The Dutch government will now need to obtain authorisation from the European Commission in order to (re)negotiate existing or new BITs (excluding existing intra-EU BITs).
What is a BIT?
A BIT is an agreement between two States offering reciprocal protection of investments in their respective territories. BITs are signed and ratified by States, but those who benefit from the treaty protections are typically investors. Model BITs are used by States as preferred templates when negotiating or renegotiating their BITs.
What’s new in the Dutch Model BIT?
It defines a qualifying “investment” as requiring an expectation of gain or profit and the assumption of risk (i.e. it adopts the majority of the Salini criteria). It also expressly states that “claims to money” cannot constitute qualifying investments if they relate to contracts for the sale of goods and/or services.
The definition of a qualifying “investor” in the Model BIT requires Dutch-registered entities to have (i) substantial business activities in The Netherlands or (ii) be indirectly or directly owned by a Dutch national or Dutch registered entity that has substantial business activities in the country.
Article 23 of the Model BIT permits the arbitral tribunal dealing with a claim under the BIT to take into account an investor’s non-compliance with its commitments under the UN Guiding Principles on Business and Human Rights (UNGP) and the OECD Guidelines for Multinational Enterprises (OECD Guidelines) when awarding compensation.

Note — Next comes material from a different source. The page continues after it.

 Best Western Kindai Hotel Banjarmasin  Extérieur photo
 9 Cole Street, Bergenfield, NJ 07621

The OECD Guidelines state, amongst other things, that enterprises and their business partners should contribute to economic and social progress, that their systems and practices should foster confidence and mutual trust with the societies they operate in and that they should engage with relevant stakeholders.
How will this impact investors?
Dutch claimants have referred the second highest number of disputes to arbitration under investment treaties, which is unsurprising given the number of investments structured via Dutch companies to benefit from favourable tax treatment and investment treaty protection. However, the Model BIT, with its narrower definitions of “investment” and “investor”, may result in investments structured via Dutch special purpose vehicles with no substantial business activity in The Netherlands not benefiting from investment treaty protections such as (i) the relevant State’s undertakings regarding non-discriminatory treatment, fair and equitable treatment, full protection and security, and protection against nationalisation and expropriation, and (ii) the ability to refer claims for a breach of the BIT to arbitration under the rules of the International Centre for Settlement of Investment Disputes (ICSID) or the United Nations Commission on International Trade Law (UNCITRAL), instead of relying on domestic courts.

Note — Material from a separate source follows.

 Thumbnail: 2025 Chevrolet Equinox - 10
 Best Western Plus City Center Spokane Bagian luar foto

Where investment protection in the form of the Dutch Model BIT does apply, investors should note the express link in Article 23 between quantum awarded by the tribunal and the investor’s non-compliance with the UNGP and the OECD. Under Article 7, the Contracting Parties also reaffirm the importance of investors conducting a due diligence process to identify, prevent, mitigate and account for the environmental and social risks and impacts of their investments and express their commitment to strengthening the international framework on business and human rights. Parties to ICSID or UNCITRAL arbitrations under new or renegotiated BITs adopting the Model BIT’s provisions may therefore be required to produce expert reports on the investment’s environmental and social impact and the parties’ compliance with international human rights standards.

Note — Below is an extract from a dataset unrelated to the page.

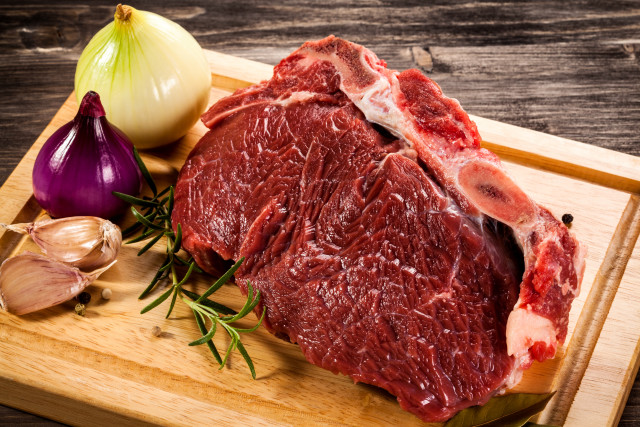 Meat cuttingboard garlic onion wooden free wallpaper - medium preview image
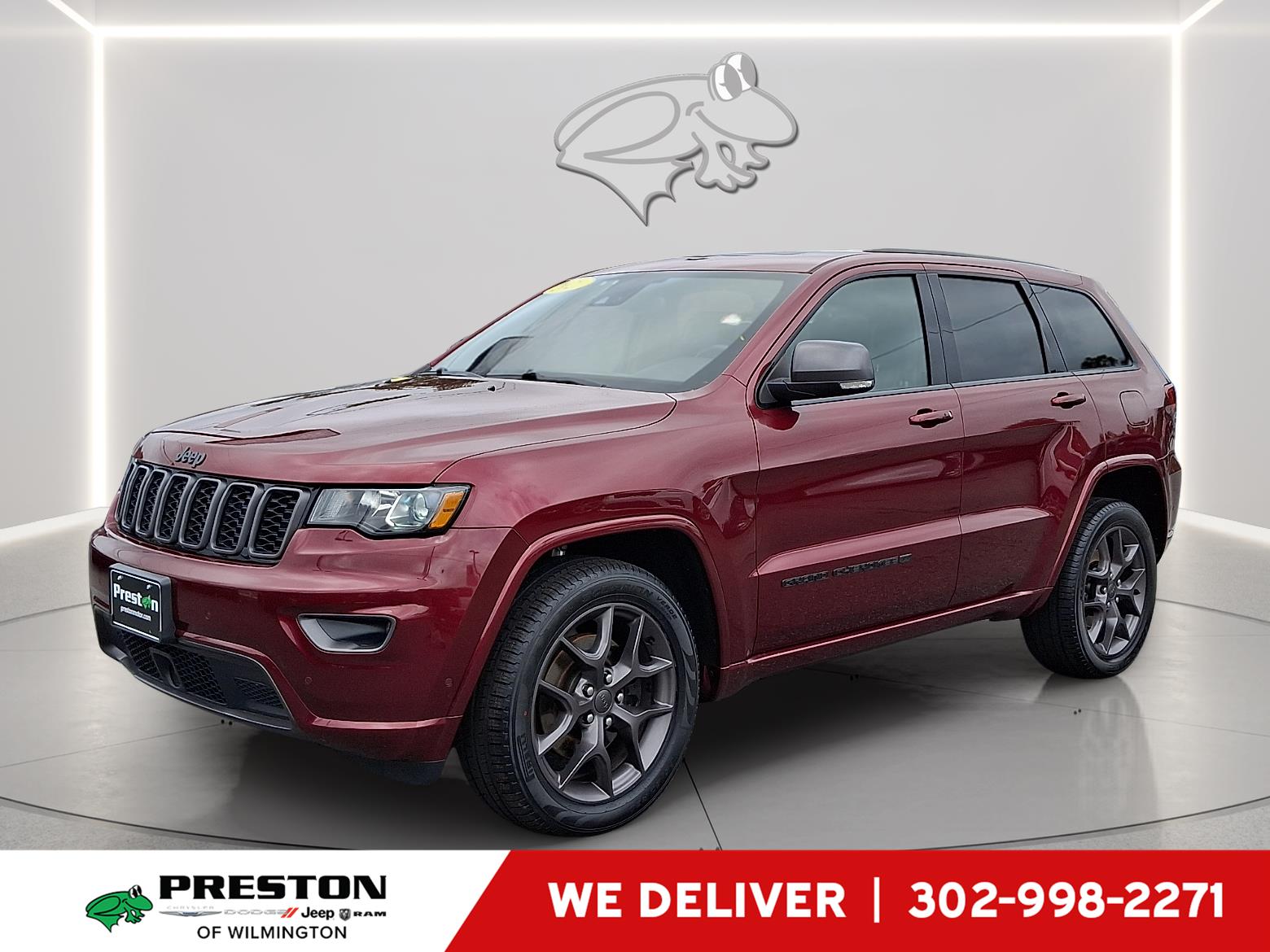Velvet Red Pearlcoat 2021 Jeep Grand Cherokee SUV / Crossover Four-Wheel Drive 8-Speed Automatic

Some ICSID and UNCITRAL tribunals have already considered investors’ compliance with such international standards and guidelines. In the case of Bear Creek Mining Corporation v. Peru (ICSID Case No. ARB/14/21), a tribunal member, Professor Sands, stated in his partial dissenting opinion that the collapse of the relevant mining project largely related to the investor’s failure “to give effect to the aspirations of the Aymara peoples in an appropriate manner” and obtain a “social licence”. Taking into account the investor’s compliance with the International Labour Organisation Convention 169 and relevant domestic legislation, he was of the view that the investor’s compensation should be halved (this did not form part of the award as it was a minority dissenting opinion).
Similarly, in the case of Urbaser SA and another v. Argentina (ICSID Case No. ARB/07/26), Argentina filed a counterclaim alleging the investor had administered the relevant concession in a manner which breached the human right to water. The tribunal accepted jurisdiction over the issue and concluded that the investor had a negative obligation and the State had a positive obligation to protect the human right to water under the relevant international conventions. The investor was not deemed to have breached its negative obligation on this occasion.
Companies planning to structure investments via Dutch entities will need to check whether investment treaty protection applies when new or existing Dutch BITs are (re)negotiated. Given the focus in the Dutch Model BIT on international guidelines and standards on human rights, we recommend that investors review, record and improve their compliance with such guidelines and rights if necessary. This may mitigate the potential negative impact on compensation awarded in future arbitrations under new or renegotiated Dutch BITs.